TO DO :: Return all of the entries exactly, but do not include the pictures.

[Data excerpts]
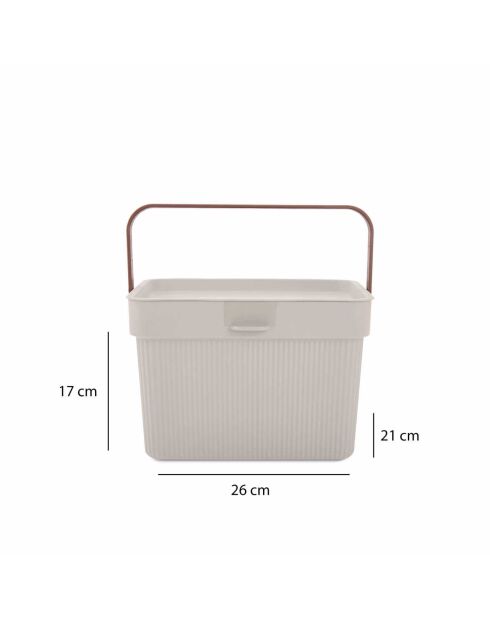 Boîte de rangement 241804 crème - 17x26x21 cm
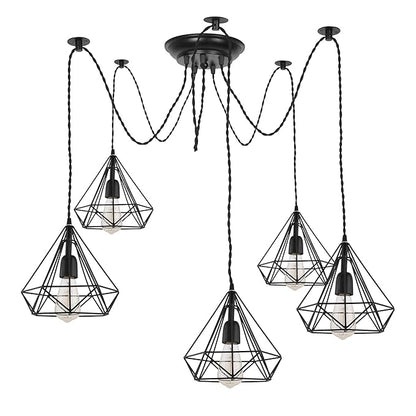 Spider Chandelier Diamond Lamp, Vintage Edison Style E 27 Adjustable DIY Ceiling Pendant Light, E27 Rustic Cluster Hanging Light(1.25 M, Black Twisted Wire)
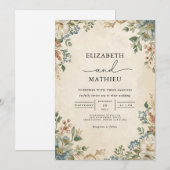 Vintager Blumenbogen Blüh Hochzeit Einladung (Vorne/Hinten)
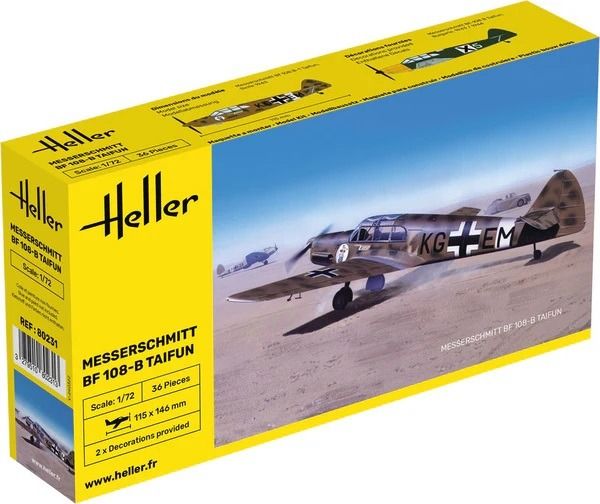 HEL80231 - MESSERSCHMITT BF 108 B Taifun military aircraft to assemble and paint - 1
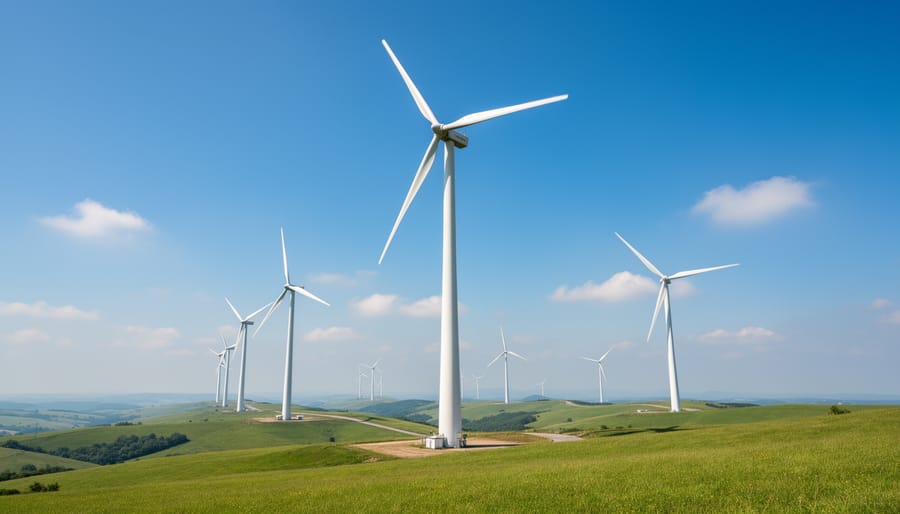 Wind turbines standing over a grassy field under golden hour sunlight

FINISHED TASK ::
 Boîte de rangement 241804 crème - 17x26x21 cm
 Spider Chandelier Diamond Lamp, Vintage Edison Style E 27 Adjustable DIY Ceiling Pendant Light, E27 Rustic Cluster Hanging Light(1.25 M, Black Twisted Wire)
 Vintager Blumenbogen Blüh Hochzeit Einladung (Vorne/Hinten)
 HEL80231 - MESSERSCHMITT BF 108 B Taifun military aircraft to assemble and paint - 1
 Wind turbines standing over a grassy field under golden hour sunlight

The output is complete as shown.